**WHAT THE EXERCISE ASKS:** Transcribe, word for word and without additions, each line below from the one containing "DecalGirl BBPP-CANCAUT BlackBerry" through the one containing "Promos de Électronique", both ends included.

**MATERIAL SUPPLIED:**

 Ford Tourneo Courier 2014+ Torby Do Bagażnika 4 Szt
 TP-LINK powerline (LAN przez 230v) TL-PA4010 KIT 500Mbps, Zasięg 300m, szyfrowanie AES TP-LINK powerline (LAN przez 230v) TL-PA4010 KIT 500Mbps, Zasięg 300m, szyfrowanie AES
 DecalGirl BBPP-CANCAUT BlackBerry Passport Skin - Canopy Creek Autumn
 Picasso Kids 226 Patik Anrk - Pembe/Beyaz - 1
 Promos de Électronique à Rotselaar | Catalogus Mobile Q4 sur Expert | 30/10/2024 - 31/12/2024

...

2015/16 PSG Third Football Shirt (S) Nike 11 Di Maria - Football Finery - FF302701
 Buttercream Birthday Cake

==

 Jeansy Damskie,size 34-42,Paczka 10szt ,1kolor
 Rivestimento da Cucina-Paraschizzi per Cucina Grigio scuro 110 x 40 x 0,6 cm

**OUTPUT FOR THIS TASK:**
 DecalGirl BBPP-CANCAUT BlackBerry Passport Skin - Canopy Creek Autumn
 Picasso Kids 226 Patik Anrk - Pembe/Beyaz - 1
 Promos de Électronique à Rotselaar | Catalogus Mobile Q4 sur Expert | 30/10/2024 - 31/12/2024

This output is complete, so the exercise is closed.